Manchmal muss es einfach ein Eigenzitat sein. Ein paar Links zum Thema:

Hurra, wir haben ein Internet Manifest
Internet Manifest
Getretener Quark wird breit, nicht hart
Als hätten wir nicht genug Manifeste
Das Internetmanifest war ursprünglich als Beratungsdoc für Vodafone gedacht
Die Netzaktivisten schlagen zurück
Qualität bleibt die wichtigste Qualität
Internetversteher verstehen das Internet nicht
Manifest des Feynsinn, 10 Enthauptungen
Banalitäten, Autoritäten: Eine vorläufige Bemerkung zum Manifest
Das Internet-Manifest, Addendum
Bitte redet über Geld
Ein Journalismus
Der Berg kreißte und gebar eine Maus
Die verhinderten Blog-Verbandsfunktionäre
Internet-Manifest
Das "Internet-Manifest": Nachricht an Papa
Das Gegen-Manifest
Manifehlschläge
Wird Larmoyanz zum Stilmittel?
Fazit zum Internet-Manifest
Mein Manifest hat nur einen einzigen Satz

Das so genannte Internet Manifest ist elitärer Quark auf dem Niveau einer Ursula von der Leyen in der Netzsperren-Debatte.
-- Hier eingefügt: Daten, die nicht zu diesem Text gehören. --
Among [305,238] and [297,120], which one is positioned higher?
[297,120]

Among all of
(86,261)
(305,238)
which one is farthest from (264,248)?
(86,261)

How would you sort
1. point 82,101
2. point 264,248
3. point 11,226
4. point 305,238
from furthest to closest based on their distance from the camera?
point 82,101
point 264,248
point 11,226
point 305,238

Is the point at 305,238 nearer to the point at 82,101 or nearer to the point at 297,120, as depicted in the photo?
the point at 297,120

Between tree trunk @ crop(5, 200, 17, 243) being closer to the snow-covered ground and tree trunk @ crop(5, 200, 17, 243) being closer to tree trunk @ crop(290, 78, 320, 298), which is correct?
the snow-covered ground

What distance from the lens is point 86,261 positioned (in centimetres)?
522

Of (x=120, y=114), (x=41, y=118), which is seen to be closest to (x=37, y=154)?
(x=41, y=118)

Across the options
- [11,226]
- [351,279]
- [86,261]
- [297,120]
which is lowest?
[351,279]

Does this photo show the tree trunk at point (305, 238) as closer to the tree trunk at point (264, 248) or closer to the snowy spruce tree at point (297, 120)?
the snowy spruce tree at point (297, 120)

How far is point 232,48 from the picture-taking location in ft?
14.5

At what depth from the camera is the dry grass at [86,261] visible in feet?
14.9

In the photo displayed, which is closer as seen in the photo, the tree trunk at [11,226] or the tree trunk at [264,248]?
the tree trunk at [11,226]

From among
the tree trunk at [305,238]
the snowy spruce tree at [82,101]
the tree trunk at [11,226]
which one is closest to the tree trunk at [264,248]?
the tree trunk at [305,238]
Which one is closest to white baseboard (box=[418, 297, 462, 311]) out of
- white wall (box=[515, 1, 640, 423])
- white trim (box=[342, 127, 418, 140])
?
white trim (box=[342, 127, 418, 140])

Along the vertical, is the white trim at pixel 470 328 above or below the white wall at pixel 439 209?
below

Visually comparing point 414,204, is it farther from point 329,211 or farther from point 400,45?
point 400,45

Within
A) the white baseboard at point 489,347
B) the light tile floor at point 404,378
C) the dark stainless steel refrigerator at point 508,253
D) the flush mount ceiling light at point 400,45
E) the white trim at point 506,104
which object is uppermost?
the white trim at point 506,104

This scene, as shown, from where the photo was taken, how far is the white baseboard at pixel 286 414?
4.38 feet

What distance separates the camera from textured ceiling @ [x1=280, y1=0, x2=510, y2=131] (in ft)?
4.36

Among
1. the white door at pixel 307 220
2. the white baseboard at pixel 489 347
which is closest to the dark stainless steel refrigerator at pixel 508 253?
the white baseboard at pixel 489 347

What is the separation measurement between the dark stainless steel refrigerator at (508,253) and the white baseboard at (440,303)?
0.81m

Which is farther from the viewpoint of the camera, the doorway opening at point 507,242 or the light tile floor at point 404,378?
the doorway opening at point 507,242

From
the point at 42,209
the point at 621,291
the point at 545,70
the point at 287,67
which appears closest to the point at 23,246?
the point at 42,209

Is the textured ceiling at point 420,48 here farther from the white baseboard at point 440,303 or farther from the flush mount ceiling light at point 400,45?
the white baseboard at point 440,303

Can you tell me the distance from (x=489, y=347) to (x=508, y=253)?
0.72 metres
Wenn die Unterzeichner diesen *teilweise* hanebüchenden Quark als Antwort auf den Heidelberger Appell oder auf Hubert Burda sehen, dann muss man konstatieren, dass sie nicht annähernd diese Qualität erreichen. Wenn die Unterzeichner als Deutschlands Alphablogger bezeichnet werden, dann muss dem etablierten Journalismus nicht angst und bange werden - im Gegenteil. Wenn die Unterzeichner allerdings die Zukunft des Journalismus darstellen schon, sollte der Gesellschaft angst und bange werden.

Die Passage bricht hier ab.